I like music, long walks on the beach, and poking dead things with a stick.

Tuesday, February 28, 2006

 Adventures in cooking

When Lyse joined the ranks of homeowners and moved out of her rented apartment last fall, we (Geoffrey & I) helped her move the last miscellaneous bits. She was throwing out tons of things, so we ended up inheriting about a station wagon load-full of stuff. Amidst the spoils of moving victory, I ended up grabbing a few bean soup mixes. Although she was throwing out most of her food as being past old and well into decrepit (since she cooks like a bachelor, which is to say “almost never”), I figured that dry beans and split peas don’t go bad.

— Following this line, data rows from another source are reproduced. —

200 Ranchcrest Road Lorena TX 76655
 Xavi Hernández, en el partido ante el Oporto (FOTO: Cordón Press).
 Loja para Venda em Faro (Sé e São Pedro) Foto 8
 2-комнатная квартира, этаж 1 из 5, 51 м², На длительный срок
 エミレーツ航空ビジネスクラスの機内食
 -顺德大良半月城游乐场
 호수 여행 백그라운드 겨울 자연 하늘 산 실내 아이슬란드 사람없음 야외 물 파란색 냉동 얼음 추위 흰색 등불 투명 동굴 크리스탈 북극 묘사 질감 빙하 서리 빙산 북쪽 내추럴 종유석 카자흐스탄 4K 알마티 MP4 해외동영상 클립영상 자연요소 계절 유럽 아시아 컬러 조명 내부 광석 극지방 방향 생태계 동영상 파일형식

Last night, I opened all the packages into my crockpot, covered the assortment with water as directed, and let it all soak overnight. This morning, after rinsing the slightly-larger beans, I added fresh water and tossed in a chopped onion, a couple of cans of tomato paste, a can of stewed seasoned tomatoes, some garlic, lemon juice, Worcestershire sauce, a couple of large hamhocks, and all the spice packets that came with the assorted soup mixes. (A couple of the soup mixes came with itty-bitty cute little Tabasco sauce bottles, which I am saving to give back to Lyse since no amount of Tabasco is welcome in my food, but she loves the stuff.) When the beans are almost done, I’ll be adding celery, and possibly some cooked pasta if there appears to be enough room in the crockpot.

This is pretty much how I cook. I’m a firm believer in the school of, “I have a bunch of ingredients that appear to go together, so I’m going to haphazardly toss them all into the crockpot and add a bunch of seasonings that smell good, and hope for the best!” The biggest drawback to this philosophy of cooking? I can rarely duplicate a recipe, which is annoying when I stumble upon something really good.

So, either this will turn out to be some damned good bean & pea soup, or I will have wasted several dollars worth of canned tomatoes, produce & hamhocks. I’m betting it will be scrumptious.


Sunday, February 26, 2006

 Insane, moi?

Do the next thing.

That’s good advice, when you find yourself floundering due to a loss, or the end of something. Since Diary-X has joined the big server dump in the sky, I started thinking about how I’d replace an online journal. I gave consideration to doing what I did years ago, putting pages on my own site and updating all the links & such by hand, but hey, I went to Diary-X because doing all that on my own site was a pain in the ass!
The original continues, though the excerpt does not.